In oil-immersed power transformers, transformer oil serves as a fundamental dielectric medium [1]. It is a mineral oil that plays a critical role in electrical insulation and thermal management. The acid value, a key chemical indicator of oil degradation [2], reflects the cumulative concentration of short-chain acids, including formic acid, acetic acid, and naphthenic acids [3]. Progressive acid accumulation during transformer operation accelerates insulation deterioration, significantly compromising both oil service life and equipment reliability [4]. Early detection of rising acid content is crucial to prevent insulation degradation, corrosion, and potential transformer failure. Conversely, delayed or absent prediction can lead to accelerated equipment aging, costly repairs, and unplanned outages. This necessitates precise acid value monitoring through advanced analytical techniques.
Conventional acid quantification methods, notably potentiometric titration [5] and bromothymol blue (BTB) colorimetry [6], demonstrate analytical precision but suffer from operational constraints, including prolonged analysis time and hazardous reagent requirements. By contrast, infrared spectroscopy emerges as a non-destructive analytical technique offering rapid measurement capabilities and enhanced operational safety through reagent-free analysis. Recent applications have validated its efficacy in determining multiple oil quality parameters, including acid value [7], furfural content [8], moisture levels [9], and antioxidant concentrations [10], establishing it as a versatile analytical platform for transformer oil characterization [11].
An infrared spectral analysis of the transformer oils encounters three principal interference factors, including light scattering artifacts, baseline drift, and stochastic noise [12]. These perturbations introduce extraneous high-frequency components that compromise quantitative accuracy. Current preprocessing strategies encompass first-derivative (D1) and second-derivative (D2) transformations, baseline correction, and Savitzky–Golay (SG) smoothing. While Shi and Yu [13] achieved partial success using D1/D2 with SG smoothing in partial least squares (PLS) modeling, predictive performance for low-concentration samples remained suboptimal. Huang et al. [14] demonstrated wavelet transform-enhanced SG smoothing with parametric optimization of window size and polynomial order; whereas Ge et al. [15] developed higher-order derivative processing to enhance spectral resolution through peak narrowing and selectivity improvement. However, conventional preprocessing techniques exhibit limited high-frequency noise suppression capabilities, necessitating advanced signal refinement approaches.
Wavelet packet decomposition (WPD) addresses these limitations through multiscale signal deconstruction, offering superior frequency band resolution compared to standard wavelet transforms [16,17]. This methodology effectively segregates high-frequency noise components while preserving critical spectral features, achieving simultaneous noise reduction and signal-to-noise ratio enhancement. The resultant smoothed spectral profiles facilitate improved quantitative analysis reliability.
Feature extraction represents another critical preprocessing step to mitigate spectral redundancy and prevent model overfitting [18]. An et al. [19] employed PLS regression on derivative-processed spectra to establish predictive models for acid value and flash point (standard errors: 0.46 mg/100 mL and 2.77 °C, respectively), albeit with subjective wavelength selection requirements. Jiang et al. [20] implemented principal component analysis (PCA) for dimensionality reduction, achieving >99% model accuracy despite potential chemical information loss in low-variance components. Yin et al. [21] advanced the field through bootstrapping soft shrinkage (BOSS) algorithm implementation, successfully preventing overfitting in neural network-based acid value prediction models.
This study establishes a novel integrated framework coupling WPD denoising, the BOSS algorithm, and DNN regression to advance infrared spectral prediction methodologies for the transformer oil acid values. The primary objective is to achieve rapid early prediction of the transformer oil acid value content and enhance the predictive capability and robustness of the transformer oil condition assessment. Comprehensive evaluation against conventional chemometric approaches demonstrates significant improvements in both accuracy and model robustness.

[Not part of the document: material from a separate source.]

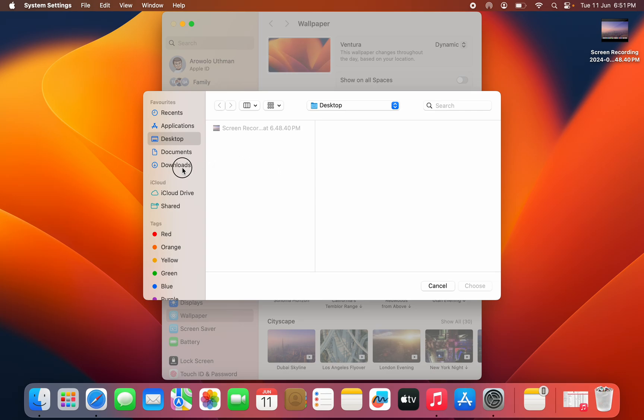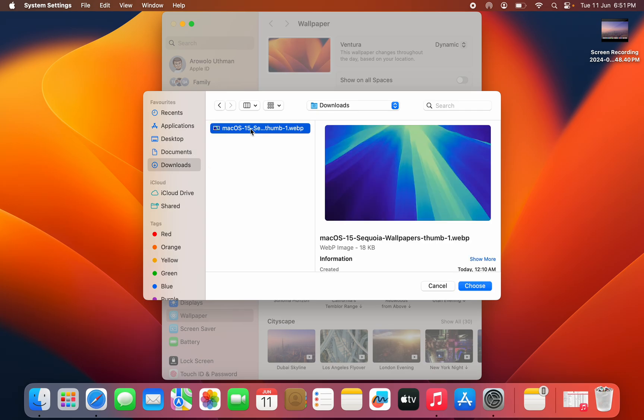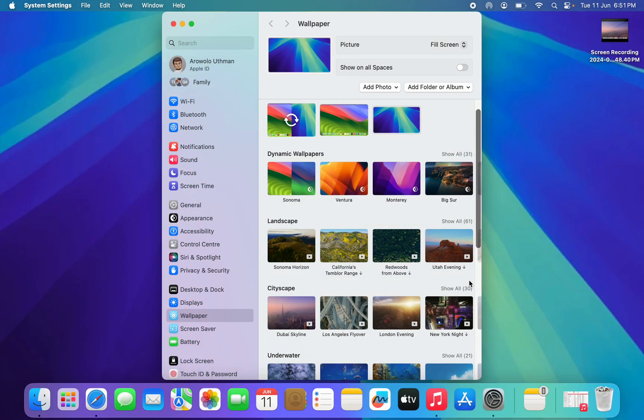Click on downloads. It can be in your documents, it can be anywhere. So let's click on downloads and let's select this one. After that, click on choose and now it's going to set it as our wallpaper.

Section 2 delineates the experimental methodology and elucidates the theoretical foundations of the algorithms employed. Section 3 details the model development process and the configuration of critical parameters. Section 4 analyzes the prediction model’s performance in denoising, feature extraction, and acid value prediction, alongside comparative accuracy validation. The conclusions are synthesized in Section 5. Beyond refining the transformer oil diagnostics, this work contributes a systematic framework transferable to infrared spectral quantification challenges in dielectric fluids.

2. Basic Theory

To enhance the predictive accuracy of infrared spectroscopic models for transformer oil acid value quantification, we implement a three-phase analytical framework. First, spectral preprocessing addresses baseline drift and high-frequency noise artifacts through a comparative evaluation of three techniques, including WPD, D1, and D2 transformations. Subsequent feature optimization employs BOSS algorithms to extract maximally correlated spectral descriptors while eliminating redundant variables, thereby improving model training efficiency and mitigating overfitting risks. Finally, we establish a DNN architecture demonstrating superior predictive performance over conventional PLS regression through rigorous comparative validation.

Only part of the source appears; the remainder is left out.